All the learning and tweaking and (unconscious) strategizing that happens when the prototype interacts with its environment — that's the interesting part, i.e., figuring out how to deal with one's self and body in a world of other selves and bodies. I called this process socialization to emphasize the role of the social environment (even though the physical environment has some influence). And the learning itself is driven by simple behavioral reinforcement: do more of what works and less of what doesn't. In other words, we become what we are rewarded for.
Personality is what happens when you take a generic but very powerful reinforcement learning algorithm, attach it to an agent (with a body and some basic tendencies), and set it loose in a social ecosystem.
Today we're going to dig into the socialization process, giving it a richer explanatory structure using a few concepts from ecology.
The ecology of socialization
Ecology, as I've argued on a number of occasions, isn't just the study of organisms in the biosphere. It's a set of tools and a way of thinking that apply whenever there are independent agents competing with each other and interacting with their environment. The same tools that help us understand how species evolve within a niche can help us understand how employees grow within a company, how companies compete in the marketplace, and (as we'll see here) how children are socialized among their peers.
Central to the ecological toolkit is the concept of a niche.
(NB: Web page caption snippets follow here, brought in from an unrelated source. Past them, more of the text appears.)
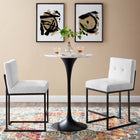 Modway - Privy Acier inoxydable noir Tissu rembourré Tabouret de comptoir - Noir Blanc - Ensemble de 2-Tissu polyester doux pour tissu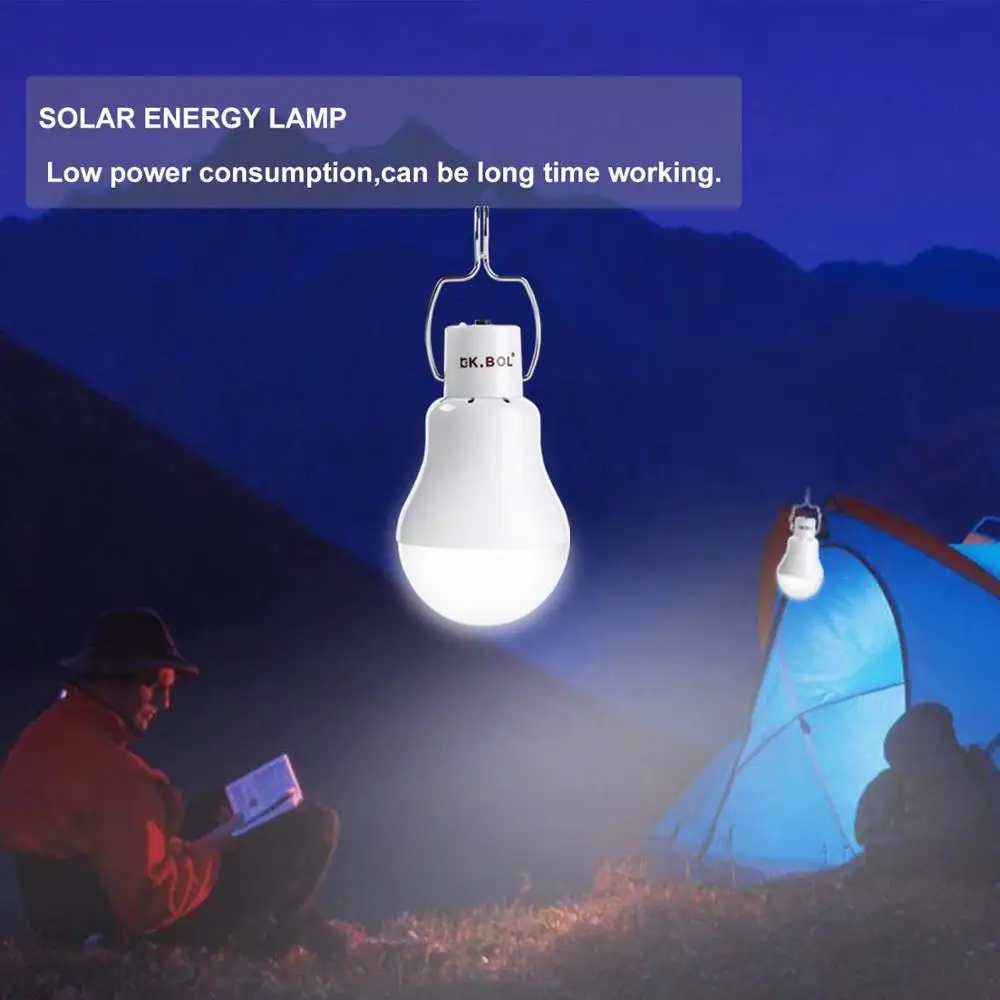 Portable sensor Solar Light 15W Powered Energy Lamp 5V LED Bulb for Outdoors Camping Tent | Освещение
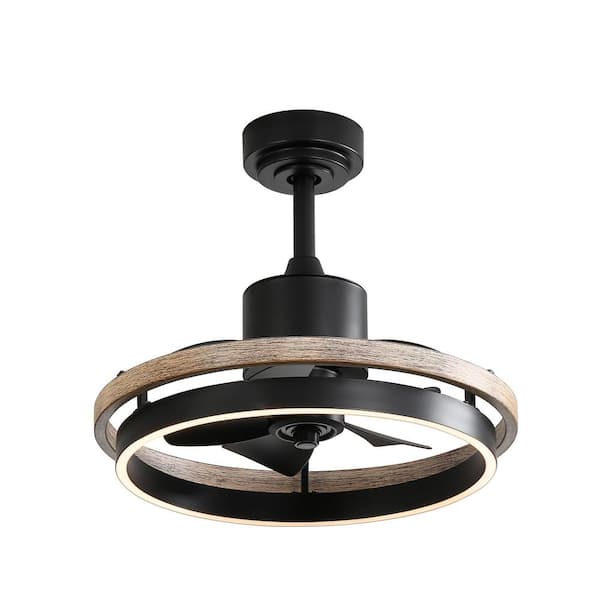 Breezary Eboni 20 in. Integrated LED Indoor Black Ceiling Fans with Light and Remote Control Included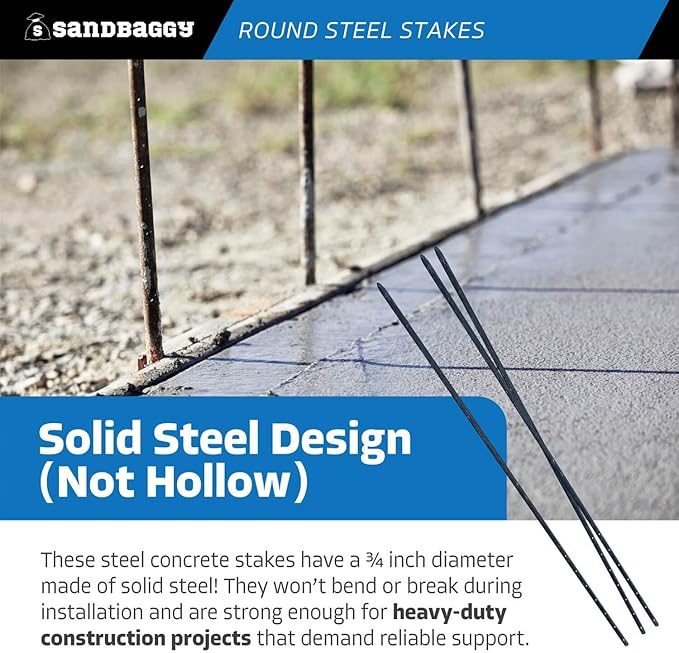 Sandbaggy 72" Round Steel Concrete Form Stakes with Nail Holes - Rust Resistant Coating - Removable, Reusable (1)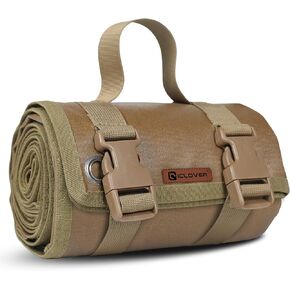 IC ICLOVER Shooting Mat, Portable Roll Up Shooting Mats with Bipod Holder & Molle Webbings, Extra Large Non-Slip Waterproof Tactical Shooting Blanket for Long Range Rifle Shooting Hunting (Non-Padded)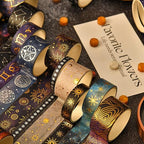 36 Rolls Galaxy Washi Tape Pack Stars Arts Adhesive Tapes Gold Silver Foil Decorative Masking Tape Sets for Craft, Kids, Scrapbook, DIY, Gift Wrapping (Constellation 36 Rolls)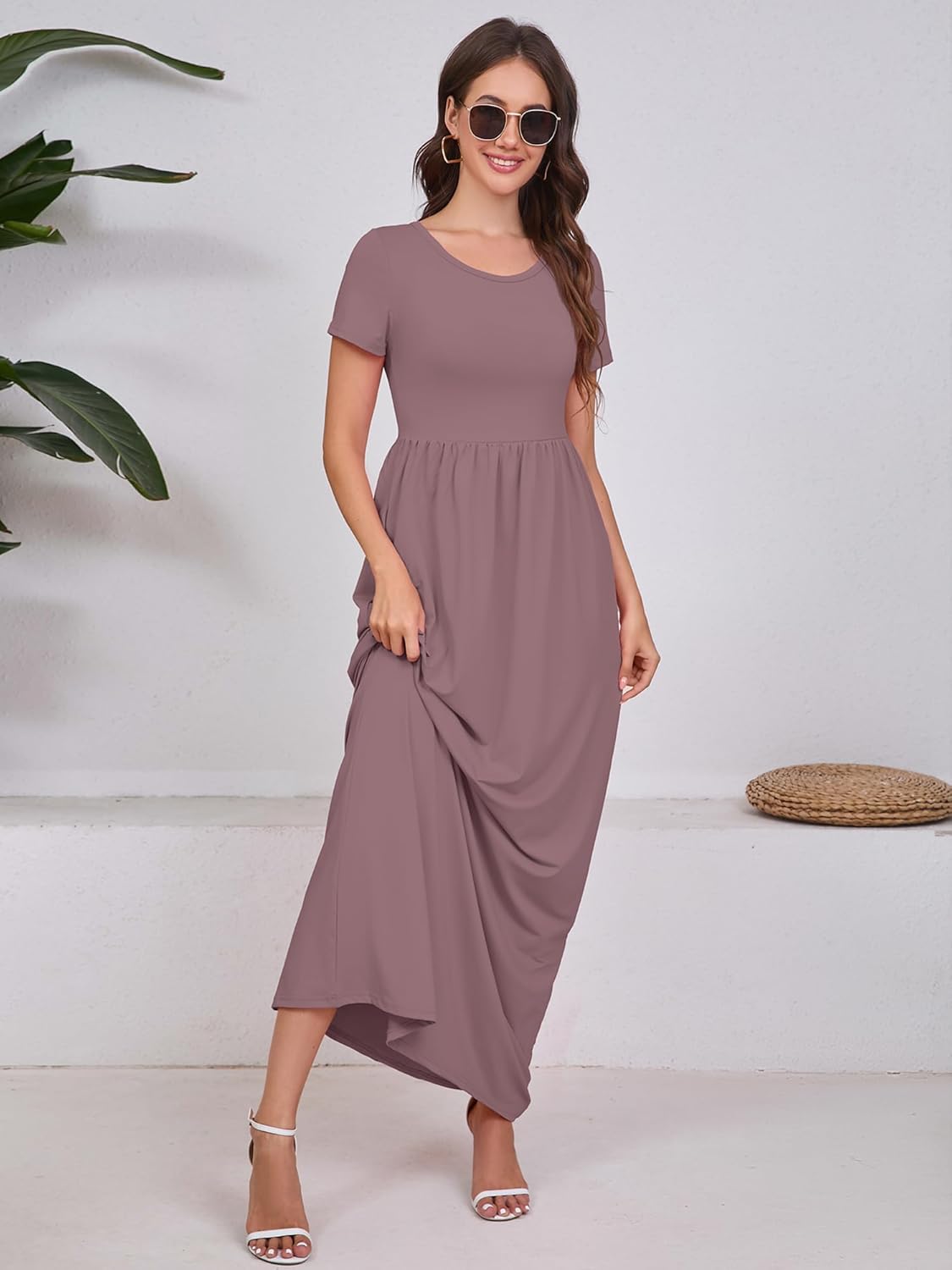 DEARCASE Maxi Dress for Women Short Sleeve Casual Summer Loose Plain Comfy Long Dresses with Pockets - Image 4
A niche is a subset of behavior-space that provides a certain set of incentives to an agent who tries to occupy it.
A niche is said to be wide if it's highly rewarding (i.e. supports a lot of agents) or narrow if it's only rewarding enough to support one or a few agents. A niche can also be more or less crowded, depending on how many agents are competing for the limited space/resources within the niche. And of course there are an infinite number of niches that aren't viable at all, but we mostly don't bother discussing them.
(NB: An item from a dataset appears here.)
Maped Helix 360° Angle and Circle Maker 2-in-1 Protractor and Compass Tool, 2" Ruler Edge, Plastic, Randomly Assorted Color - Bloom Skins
The parallels to personality development should be obvious. The human social world (and to some extent the physical world as well) is full of niches, some more rewarding than others. Here are just a few of the many niches available within a given social group:
Alpha, beta, supporter (this is a wide niche), mutineer, joker, loner, troop-rallyer, mediator, etc., etc.
And these are just the niches that have convenient names. In reality there are as many niches as there are people; everyone finds his or her unique niche.
The relationship between niche and personality is so strong, we could even use it as a definition:
Personality is an adaptation to a social niche.
Formally, a niche is a subset of behavior-space. If you recall, both strategies and personalities are also subsets of behavior-space. They're three ways of looking at the same thing. A niche refers to behaviors that are possible within a given setting, while strategies and personalities are the actual, concrete instantiations of those behaviors. Or to put it another way: a niche is the 'negative space' in the environment that gets 'filled in' by a specific strategy/personality.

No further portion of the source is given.